The postcard above celebrates an arts festival held in Dresden in 1905. This postcard shows Marie's address in Dresden in 1905 and her interest in the arts.

 This postcard commemorates a political event that occurred in Dresden on January 1, 1903. Apparently that year a political figure gathered a group of politicians to support him. It was mailed to Marie Eichhorn in 1906.

This unmailed postcard shows the King and Queen of Saxony, which at one time was a kingdom. King Albert held his position from 1873 to 1902. Dresden is located in Saxony and Marie Eichhorn lived there during most of her first three-three years of life.

 This pre-World War I postcard shows the German Kaiser. The postcard is unused.

This postcard apparently was mailed by Marie to herself as a memento of her visit to Paris in 1904. On the front is written: "In remembrance of the last day I was in Paris." At the time, she was living in Leipzig.

 This postcard was sent by a young lady in the United States whom Marie had met during her travels. It is dated 1906.

This postcard is one of two that were given to Marie by Walter Wittenberg.
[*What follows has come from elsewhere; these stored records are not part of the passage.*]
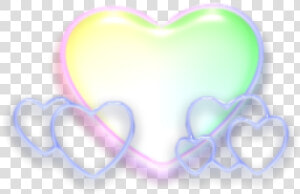  kidcore  rainbow  grudge  aesthetic  png  soft  cute   Heart  Transparent Png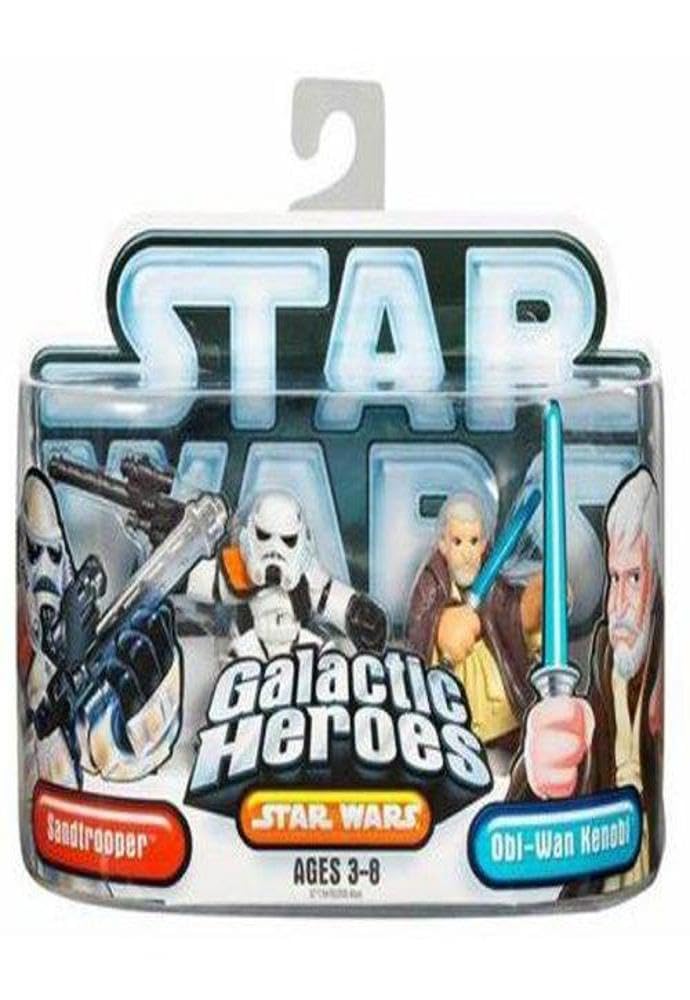 Hasbro Star Wars Galactic Hero Sandtrooper & Ben Kenobi by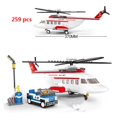 thumbnail image 1 of Juegos de pasajeros de avión de ciudad, Kits de estación de Aeropuerto de Terminal de amigos, modelo de helicóptero, bloques de construcción, juguetes de construcción para niños, 1 of 4
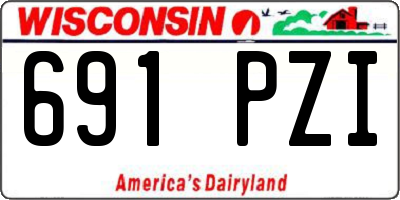 WI license plate 691PZI
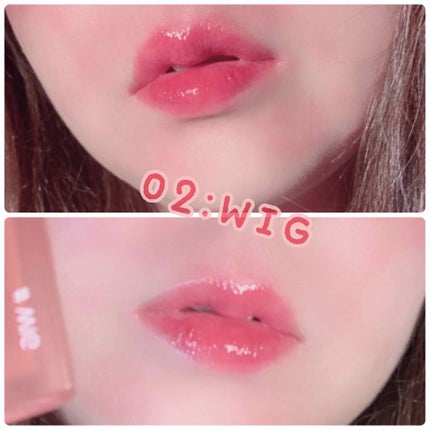 ホリカホリカ ハートクラッシュグローティントエアー/HOLIKA HOLIKA/リップティントを使ったクチコミ(2枚目)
On the back is written: "Received in Dresden from my dear Walter." This card documents the fact that Walter visited Dresden, probably in 1910.

Marie's 1911 trip to the United States is documented in this and another couple of postcards. The writing on the front says that February 1, 1911 was her 13th day on the ocean and the water has been terrible with many storms. She expected to land on February 5th.

Marie had a sister, Hedwig, who lived in Cleveland. She had married Michael Weinhauer in 1895. Hedwig died in Spring, 1912, but Marie kept in touch with her children. Several of Marie's early postcards were sent to her by Hedwig, and several of the later postcards were mailed to her by Hedwig's children. This is an unused postcard.

Several of the postcards in Marie Wittenberg's album have pictures of Arkansas in the 1910's and 1920's. This is an unused postcard in the collection.

The three postcards above are real picture post cards (RPPCs) in Marie Wittenberg's collection. Unfortunately, they are unused (thus, no address) and have no names associated with them. Perhaps the one at the bottom is Walter Wittenberg Jr. as a child.

This final picture is not a postcard, but a photograph that came with them. Perhaps it is a photo of the Wittenberg house at 518 Broadway, Little Rock. No identifying information came with the picture.